* [Action item]: This task asks for the lines from the one with "Comfort ColorsĀ® Funny" to the final line below, repeated exactly, with pictures omitted.
[[ Record excerpts open ]]
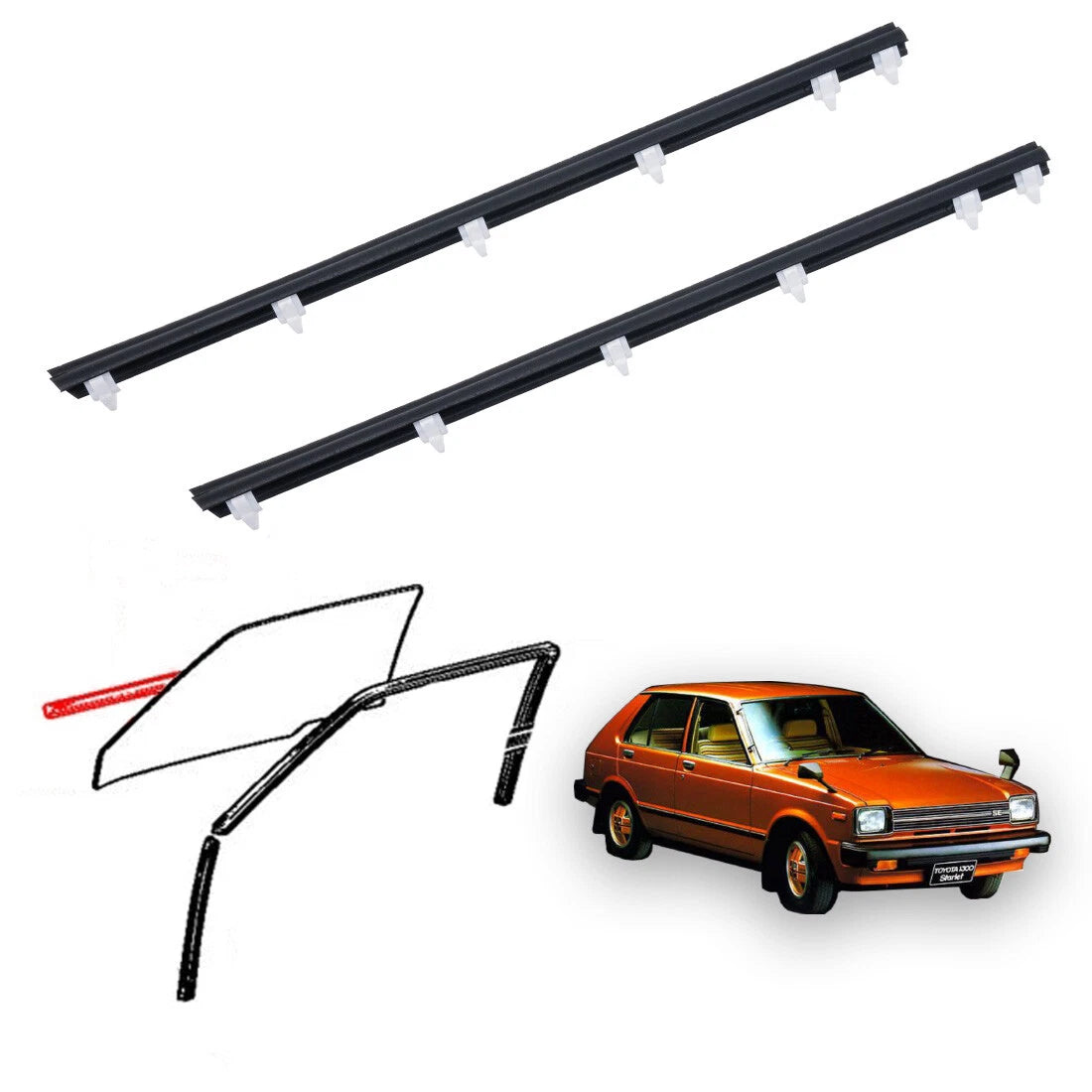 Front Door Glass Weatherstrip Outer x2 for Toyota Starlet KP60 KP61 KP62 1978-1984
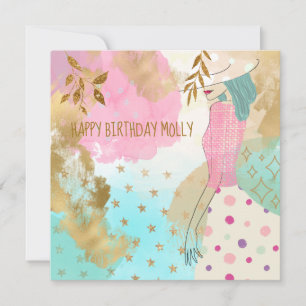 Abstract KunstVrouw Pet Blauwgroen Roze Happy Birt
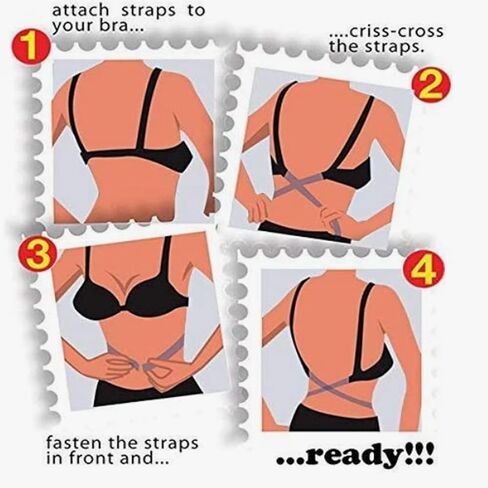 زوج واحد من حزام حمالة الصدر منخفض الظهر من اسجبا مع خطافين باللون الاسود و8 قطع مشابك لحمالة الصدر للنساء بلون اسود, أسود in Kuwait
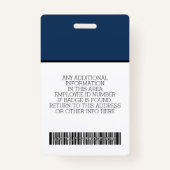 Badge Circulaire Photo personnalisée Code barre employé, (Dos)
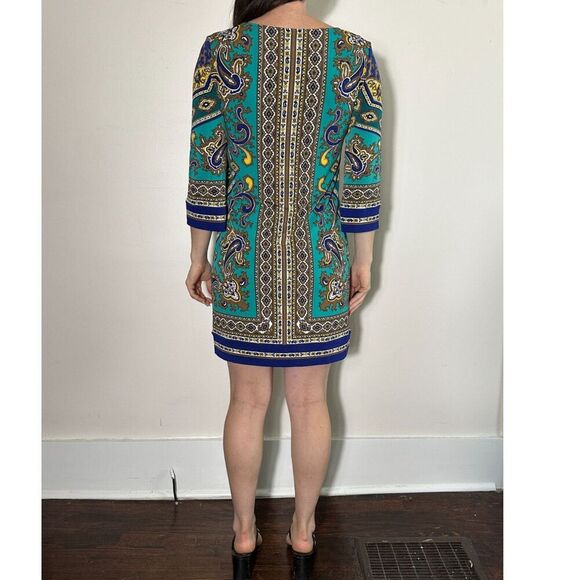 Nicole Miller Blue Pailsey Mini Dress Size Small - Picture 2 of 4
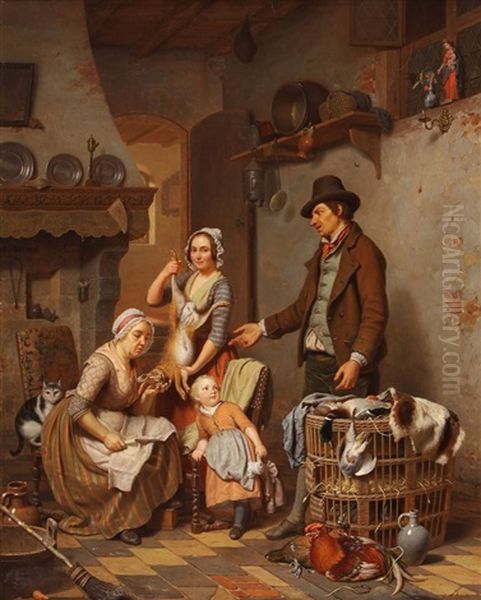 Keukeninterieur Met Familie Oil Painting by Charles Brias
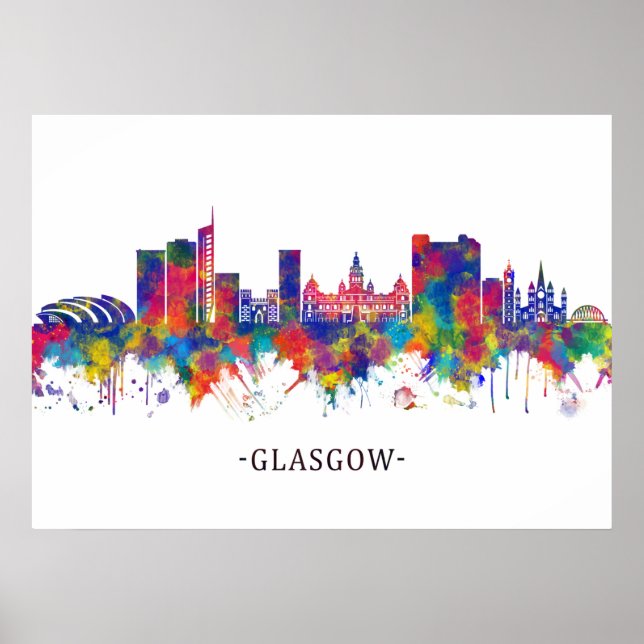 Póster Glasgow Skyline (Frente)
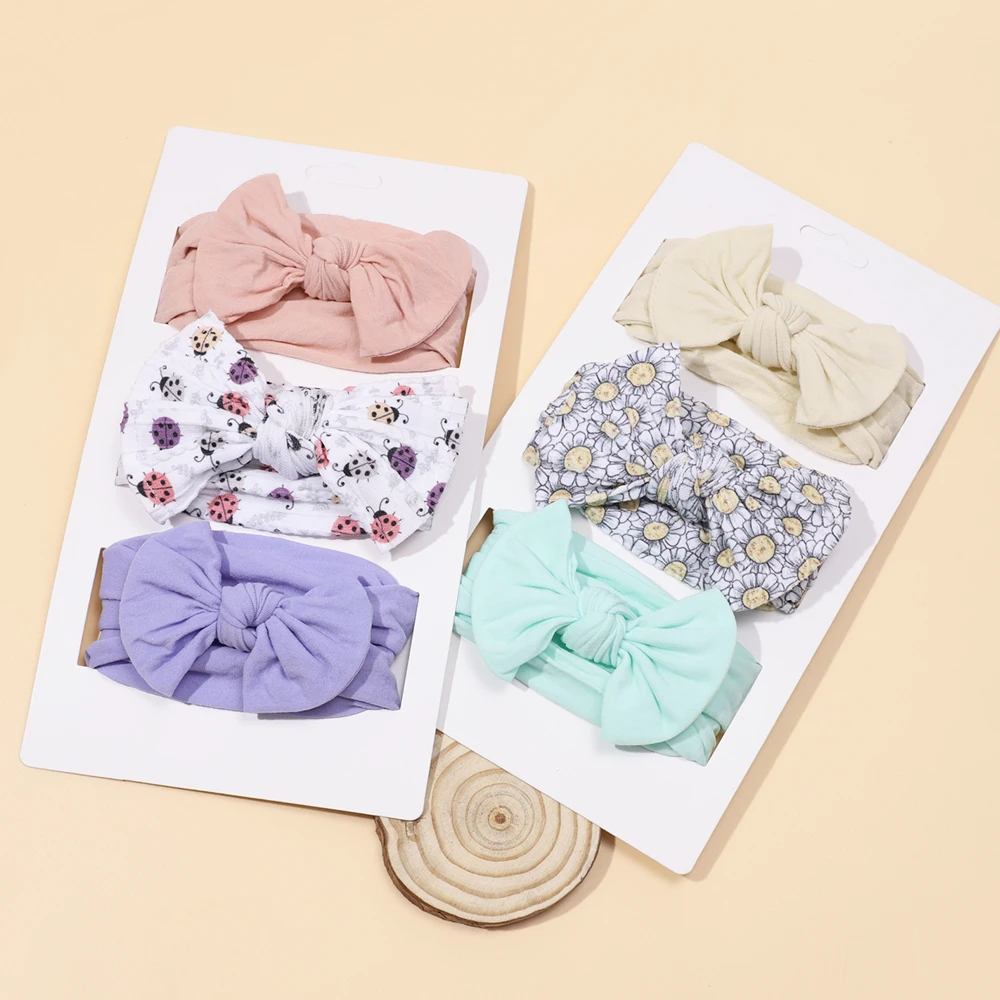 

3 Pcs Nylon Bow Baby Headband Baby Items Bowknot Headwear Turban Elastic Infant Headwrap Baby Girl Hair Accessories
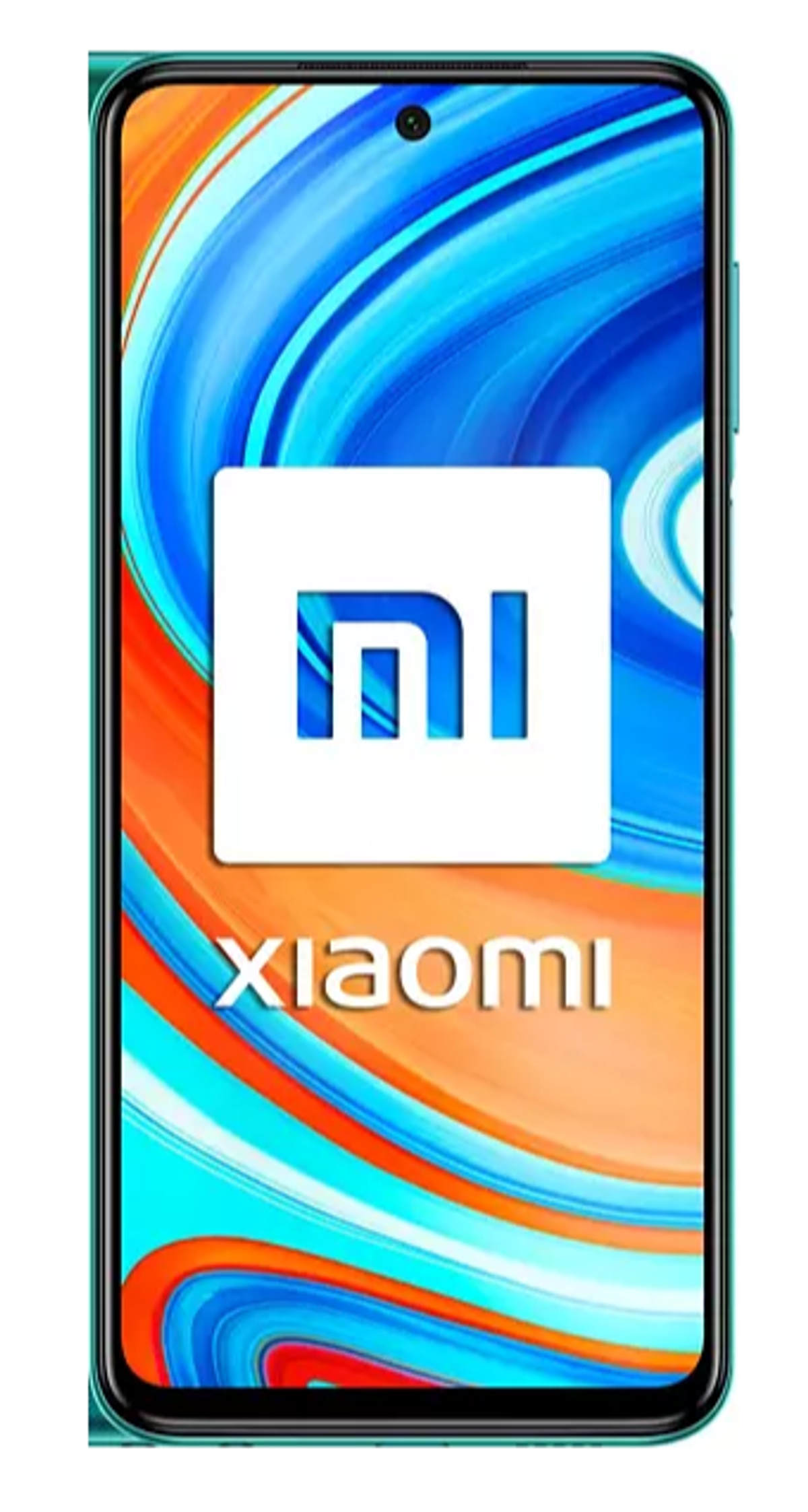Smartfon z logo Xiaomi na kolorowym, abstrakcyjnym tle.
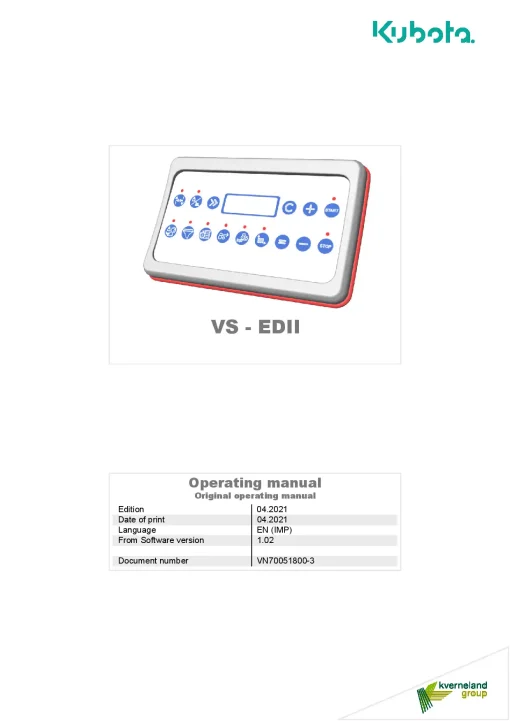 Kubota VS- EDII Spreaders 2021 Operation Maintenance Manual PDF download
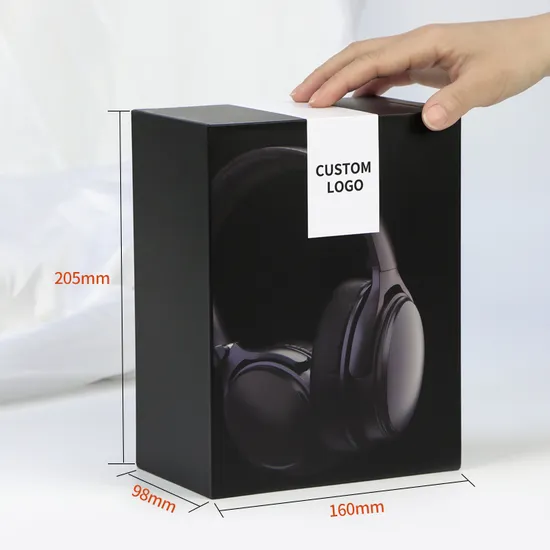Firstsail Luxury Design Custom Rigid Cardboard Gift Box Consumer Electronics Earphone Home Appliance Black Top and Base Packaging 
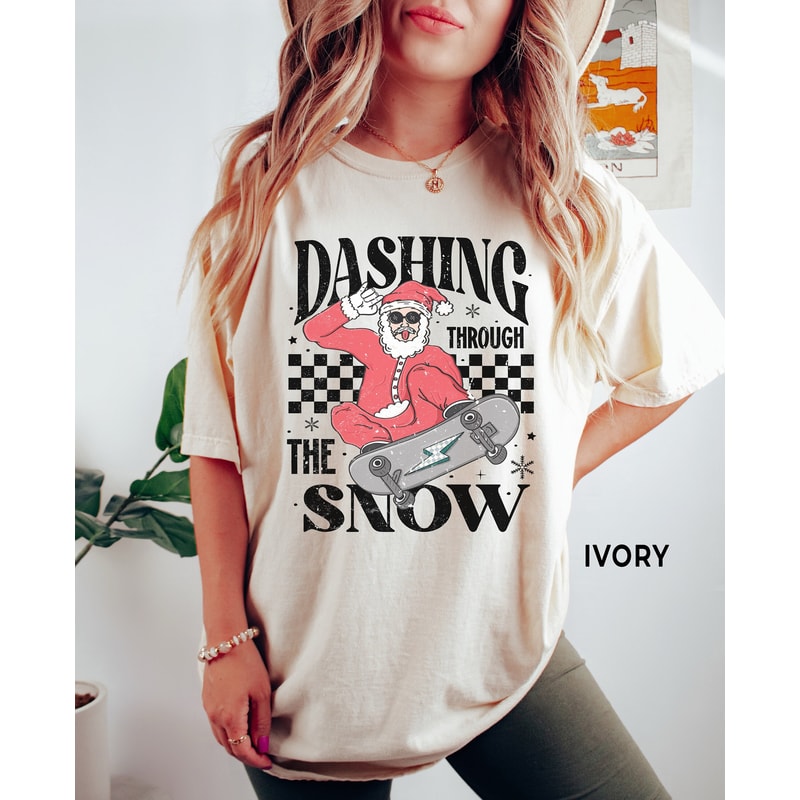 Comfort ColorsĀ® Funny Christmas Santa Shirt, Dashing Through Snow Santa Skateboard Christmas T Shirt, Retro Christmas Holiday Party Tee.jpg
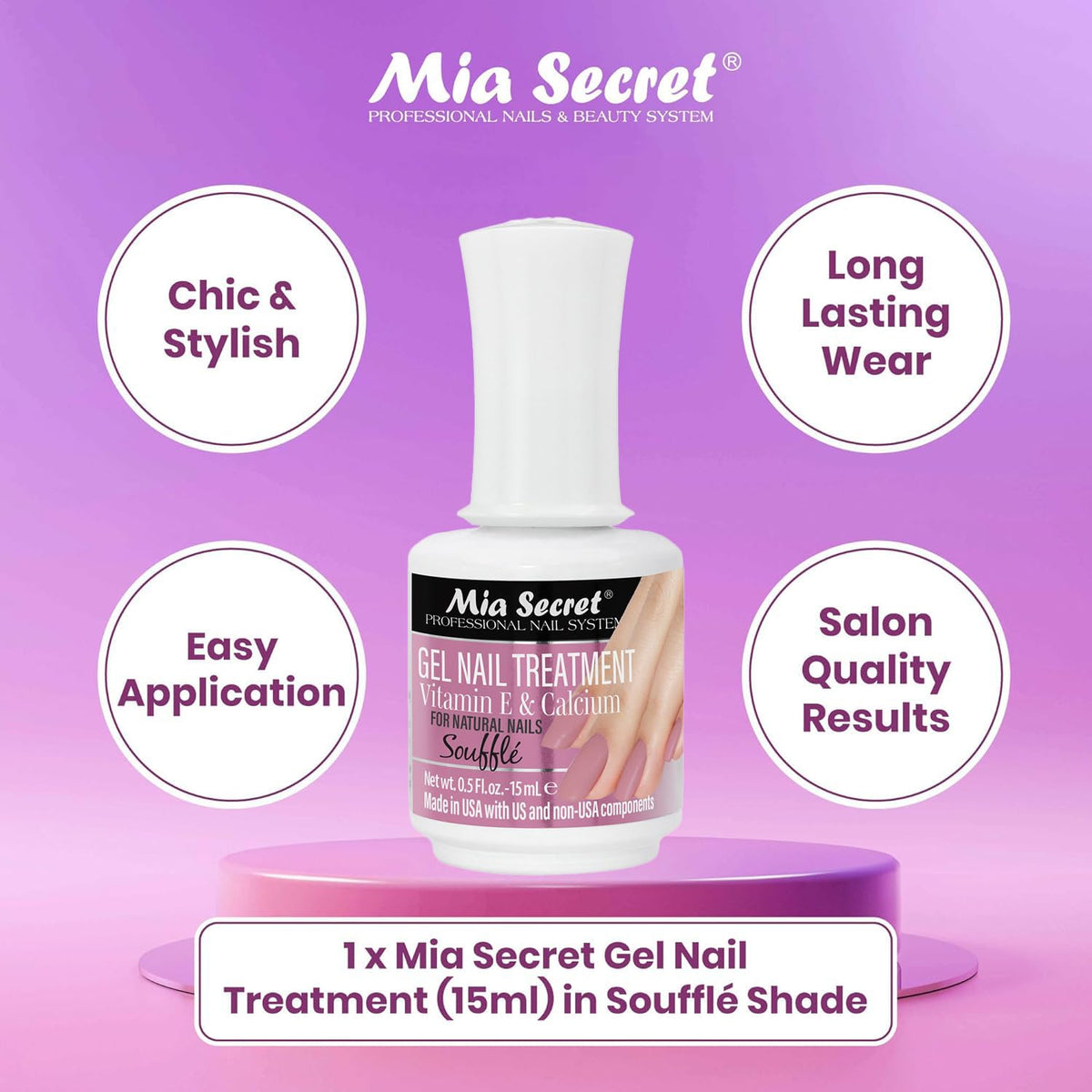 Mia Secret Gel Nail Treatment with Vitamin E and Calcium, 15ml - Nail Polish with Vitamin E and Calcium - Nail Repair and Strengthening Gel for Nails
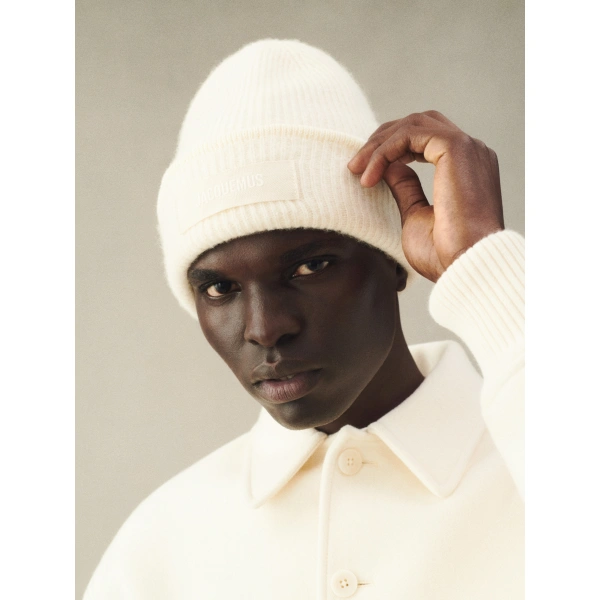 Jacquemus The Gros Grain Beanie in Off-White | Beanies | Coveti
[[ Record excerpts closed ]]
* [Solution]:
 Comfort ColorsĀ® Funny Christmas Santa Shirt, Dashing Through Snow Santa Skateboard Christmas T Shirt, Retro Christmas Holiday Party Tee.jpg
 Mia Secret Gel Nail Treatment with Vitamin E and Calcium, 15ml - Nail Polish with Vitamin E and Calcium - Nail Repair and Strengthening Gel for Nails
 Jacquemus The Gros Grain Beanie in Off-White | Beanies | Coveti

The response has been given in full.